Could the Conservative and Unionist Party go the way of the Liberals, outflanked by the Brexit Party – or some version of the Brexit Party – as England and Scotland become engulfed by the politics of identity?

And, on the other side of the house, as Jeremy Corbyn drags the Labour Party further to the left, is the Labour Party a similarly endangered species? Such a reconfiguration might see a revival of the Liberals (or some form of Liberals) in the centre ground after almost a century of playing third fiddle.

With respect to the British centre, we tend to forget that Tony Blair won three consecutive elections, with big majorities of more than 100 seats, from the centre or centre left.

Indeed, Margaret Thatcher’s catch-all Tories of the late 1980s was similarly all-encompassing. Just as Ronald Reagan converted millions of Democrats to Republicans in a phenomenon called the “Reagan Democrats”, Thatcher succeeded in capturing the centre. Britain’s centre voters – Blair’s and Thatcher’s centrists – are still out there looking for a home that they can’t find in either major party right now.

In this article let’s focus on the Tories.

Watching the Tory leadership debate this week, it looks like the next Conservative prime minister could be the last. Indeed, going further, the next prime minister of the UK could conceivably be the last prime minister of the UK.

Strange mix

The Conservative Party has always been a strange mix of older patriots, younger metropolitan professionals and large swathes of upwardly mobile middle England.
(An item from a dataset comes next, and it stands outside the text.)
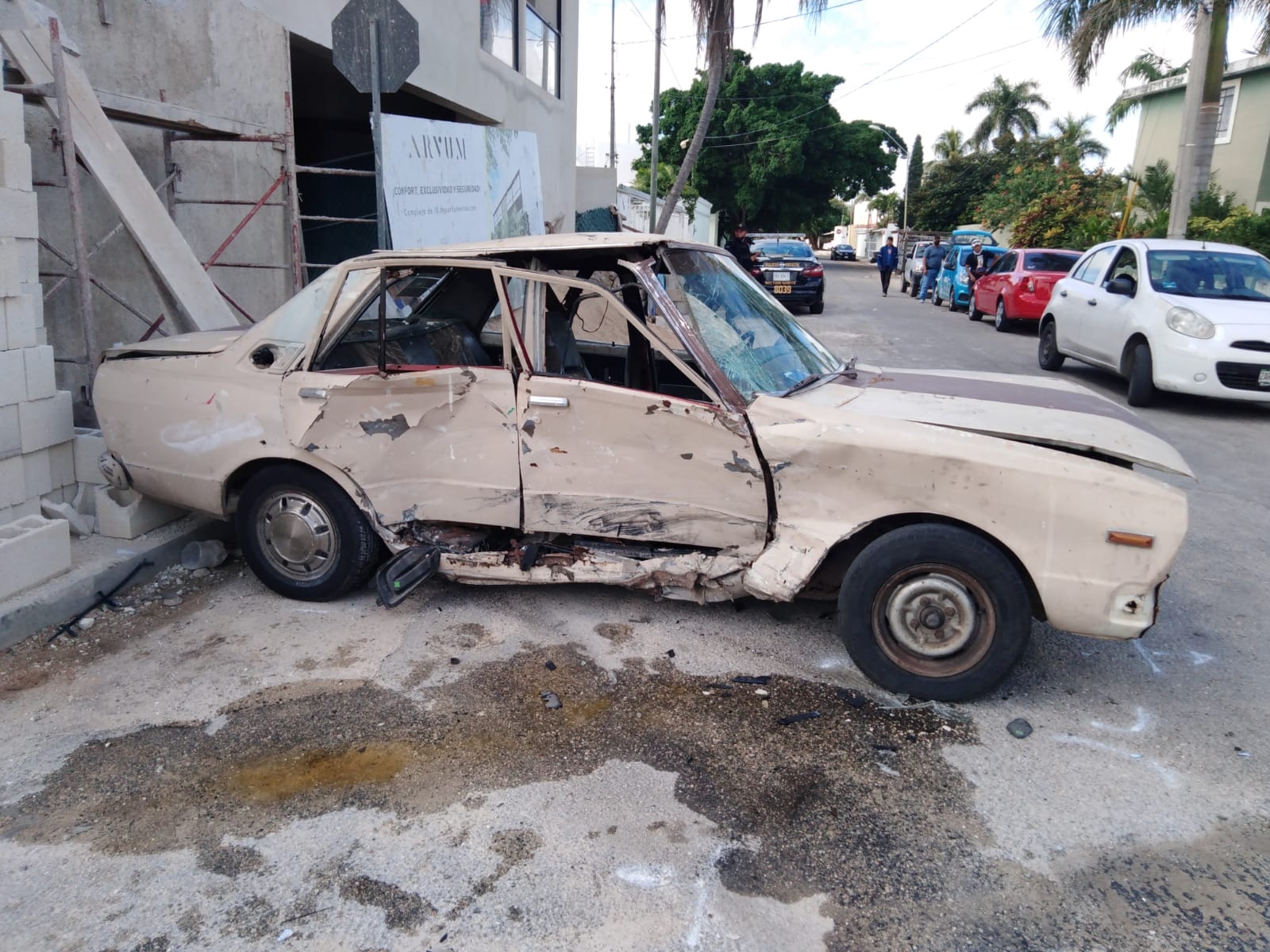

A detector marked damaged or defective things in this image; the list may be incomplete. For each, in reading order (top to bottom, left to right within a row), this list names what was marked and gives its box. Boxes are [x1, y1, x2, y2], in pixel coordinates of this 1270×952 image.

Such electoral promiscuity has been a winning ticket.

Central to this electoral strategy was London and the cosmopolitan southeast, where the Tory tactic of low taxes for the rich appealed to the already rich and the wannabe rich.

In addition, the message of social liberalism, tolerance and openness to immigration is very much part of that metropolitan mix, designed to appeal to the aspirant, well-educated middle classes. This was Boris Johnson’s message when he was mayor of London.

Openness was also the message of Danny Boyle’s choreographed opening of the London Olympics – an uplifting era that seems far away now. In fact, it is no surprise that the Conservatives around David Cameron who plotted the downfall of Tony Blair and New Labour’s hegemony were known as the “Notting Hill set”, a toffish-gang of upwardly mobile, cosmopolitan metropolitans.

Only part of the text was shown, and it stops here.